Money-changers come under STR
FE Report |
August 19, 2008 00:00:00
The Bangladesh Bank (BB) has asked the money-changers to comply with the new Anti-money Laundering Ordinance 2008 through the suspicious transaction reporting (STR), officials said.
"We've included the name of money changers in our list of reporting agencies in line with the existing ordinance," a BB senior official told the FE Monday.
He also said the central bank has added the names of insurance companies and money changers in its list of reporting agencies in line with the Financial Action Task Force on Money Laundering (FATF) recommendations. The FATF has already approved 49 recommendations to curb money laundering and terror financing.
The FATF is an inter-governmental body whose job is to develop and promote policies, both national and international, to combat money laundering and check financing of terrorism.
The central bank has already issued a circular in this connection and asked the chief executive officers of money changers to follow the instruction for submitting the STR in line with the existing ordinance.
The money changers will have to preserve detailed information about their clients for a minimum period of five years on the basis of the existing ordinance, the central bank said in its circular.
Different financial institutions, including banks, non-banking financial institutions (NBFIs), insurance companies and money changers have been put under ambit of the ordinance as reporting agencies.

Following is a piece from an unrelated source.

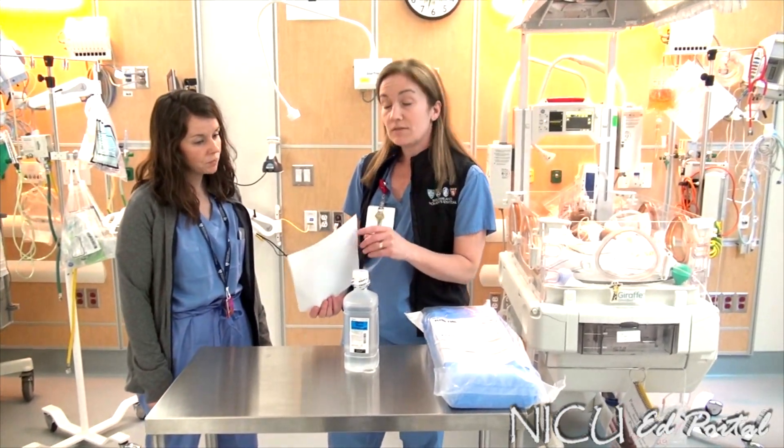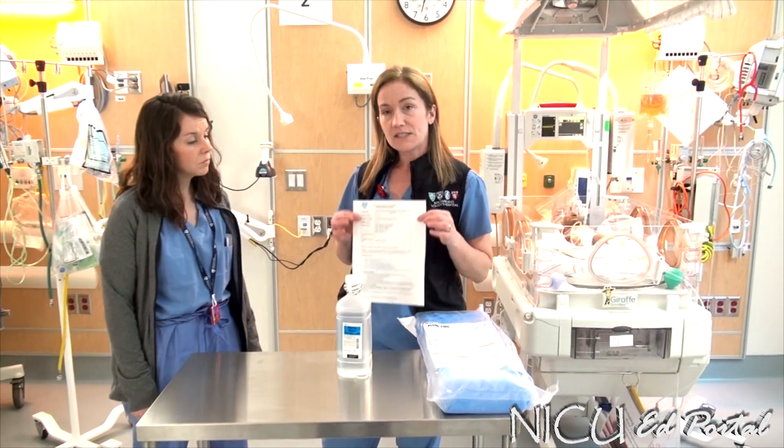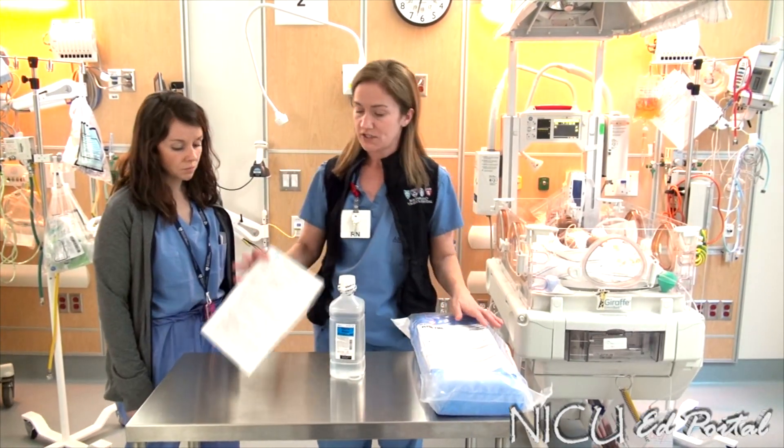Welcome, Joanna. Today we're going to do an in-service training on setting up the Plurvatch Infant Drainage System.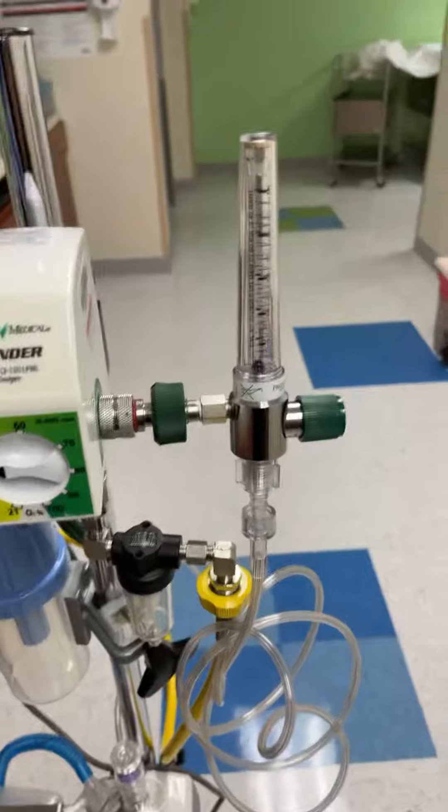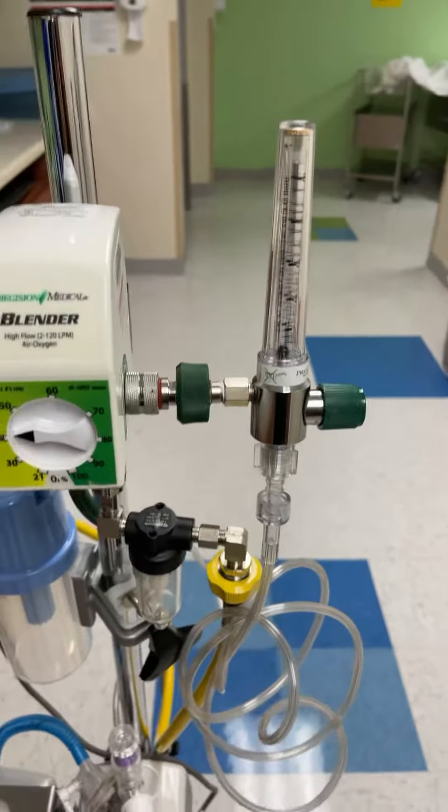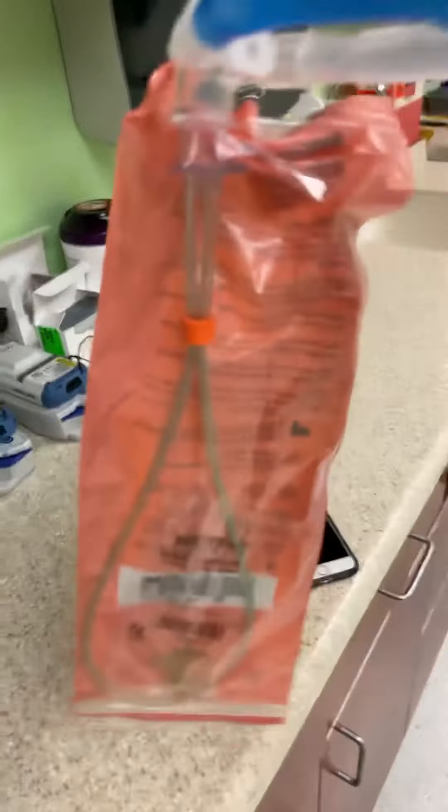Basically you want to set this thing at about 10 liters — just enough so you can hear it bubbling pretty good. It's a regular ventilator circuit with a ram cannula hooked on the end.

As per the ordinance, the money changers along with others financial institutions will have to inform the Anti-money Laundering Department of the central bank instantly if they detect any suspicious transaction.
The central bank will now be able to penalise banks, NBFIs, insurance companies and money changers anywhere between Tk 10,000 and Tk 0.5 million for failure to submit reports relating to money laundering in accordance of the ordinance.